This is reinforced by the restacking of the key drivers of inflation. Input and materials costs have usurped demand as the primary driver of pricing decisions. Labor costs are still a large factor in determining pricing decisions, which is why it has garnered so much attention from the Federal Reserve. ESG regulations and COVID were not very influential in determining inflation expectations, despite the ongoing staffing shortages triggered by elevated infection rates.

Professional business services and finance and insurance had the highest inflation expectations. The move up in inflation expectations in the finance and insurance industrty were the largest. This likely reflects rising interest rates, which literally raise the cost of debt issued by finance companies and heavy insurance losses due to Hurricane Ian, which were not available until after the third quarter survey was takem. Vehicle insurance costs have moved up fairly signficantly in recent months; those increases were exacerbated by both a rise in the costs of fixing vehicles and the increased incidence of damages due to a rise in accidents and extreme weather events.

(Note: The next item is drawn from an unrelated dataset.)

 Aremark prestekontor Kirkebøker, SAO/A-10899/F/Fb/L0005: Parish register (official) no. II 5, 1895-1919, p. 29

Inflation expectations vary by industry

Source: KPMG Economics, KPMG Insights on Inflation (Q4 2022)

Additional information

  • Health care and social assistance has a one-year inflation expectation at 6.0%. The clear distinction is the five-year inflation expectation, which is the highest of all industries at 4.0%.
  • No industries are expecting lower inflation than general consumers, both one-year and five-years out. 


Price change in materials, inputs or energy ranks first in shaping inflation expectations

Factors that shape the business view on inflation expectations

Percentage of total companies who rate"influential" and "very influential"
Source: KPMG Economics, KPMG Insights on Inflation (Q4 2022)

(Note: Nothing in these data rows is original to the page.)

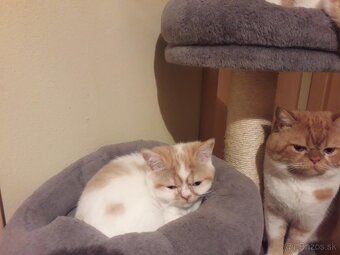 Exotické britské mačiatka - 4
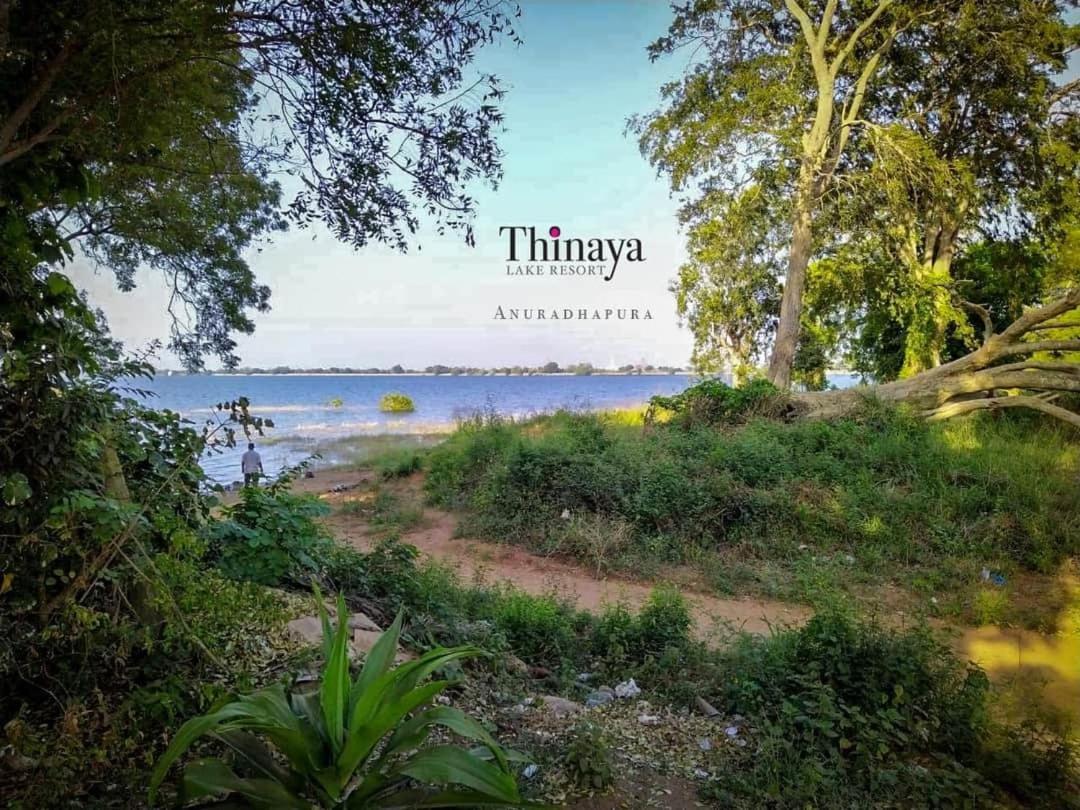 Thinaya Lake Resort Anuradhapura Zewnętrze zdjęcie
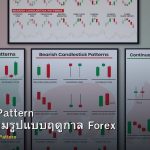 Seasonal Pattern วิธีเทรดตามรูปแบบฤดูกาล Forex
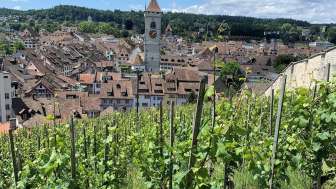 Stadtreben © Schaffhauserland Tourismus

Labor costs and Pass-through

Labor costs remained elevated in the fourth quarter and continued to drive gains in smaller firms. The gap between large and mid-sized firms widened, with larger firms now expecting labor costs to rise 5% instead of 5.3% over the next year. The slowdown in wage growth appears to be driven by a slowdown in wage gains at large retailers.

The health care sector has supplanted professional business services in expecting the most rapid acceleration in labor costs. Labor costs are now expected to accelerate the slowest in the retail sector. This is consistent with a sharp slowdown in holiday hiring and announcements of layoffs during the holiday season by major retailers.

This shift in the retail sector is notable as large retailers were driving wage growth and placed a floor on what smaller employers could pay low wage workers at the onset of the recovery. Now, those same large employers could be placing a cap on low wage pay. Our own survey suggests that the slowdown in wages is showing up in smaller firms; that suggest that the shifts we are seeing may be beginning to move downstream.

Raises among the lowest paid and entry level workers tend to filter up, pushing wages of managers up when they rise, and down when they slow. That is important to the Federal Reserve; the downshift in wage growth among retail workers could be a precursor to a broader slowdown in wage growth.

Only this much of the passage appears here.